Duterte's reputation for promoting violence in the name of public safety — even boasting about having "personally" killed suspected criminals — has earned him intense condemnation from human rights groups across the globe.
As recently as December, Duterte said he would go around "looking for a confrontation so I could kill" while he was mayor.
Phelim Kine, deputy director of the Asia division of Human Rights Watch, told NBC News that HRW documented the "vicious death squad" during Duterte's tenure as mayor.
"It killed hundreds of people," Kine said.
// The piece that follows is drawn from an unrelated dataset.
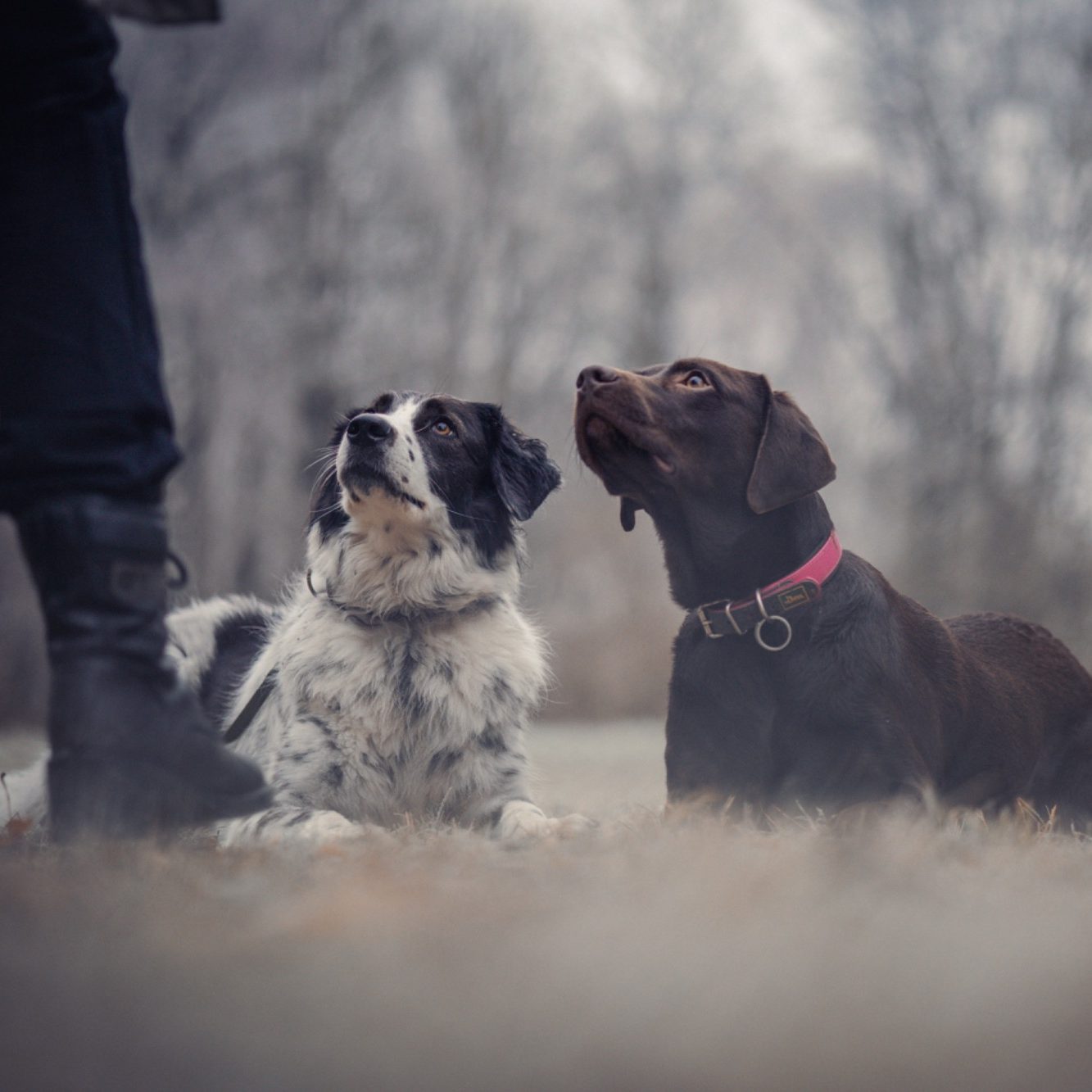 Hundedienstleistung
He added that although the group never found "any conclusive link" between Duterte and the death squad, they did find that members of his police force and city government "were very much involved" and "paying these killers."
As president, HRW and other groups say Duterte's "war on drugs" and crime has led to the deaths of an estimated 7,000 people.
"It's absolutely appalling that President Trump's first meaningful engagement with President Duterte did not include any meaningful reference or condemnation for the fact that Duterte has inflicted nothing less than an absolute human rights calamity on his country," Kine said.
Duterte rode an anti-establishment wave to the presidency in May 2016, despite his history of outlandish comments and his predecessor, former President Benigno Aquino, endorsing the Liberal Party's Manuel Roxas for his preferred successor.
"He was not somebody you would have expected to end up as president of the Philippines," Ott said.
Duterte made his signature issue what he described a rampant drug problem in the Philippines, Ott said, and was able to galvanize a strong base around that issue and eradicating crime in the Philippines.
"He’s a very distinctive personality — very flamboyant, very much like Donald Trump — lots of bravado, lots of bombast," he said "He cut quite a swaggering path through the presidential camp."
Heydarian noted that Duterte was able to successfully portray his more mainstream opponents as corrupt and ineffective.
"By some chance all of his opponents had skeletons in their closets, so when Duterte played this anti-establishment card, it really struck a chord," he said.
"He was the right guy at the right time," he added.
Duterte received more than 16.6 million votes in the election, 6.6 million more than his closest opponent, Roxas, according to the AP.
"He has not lost a single election in his life — how many people have done that?" Heydarian said.
In December, he threatened government officials with the prospect of being thrown out of a helicopter in mid-air if they were found to be corrupt — claiming he had done it before to a man suspected of rape and murder.
He caused an uproar during his campaign for joking that he would have liked to be the first to rape a woman who was gang-raped and killed while he was mayor during in a 1989 prison riot in Davao.
"I was angry because she was raped, that's one thing. But she was so beautiful, the mayor should have been first. What a waste," Duterte said.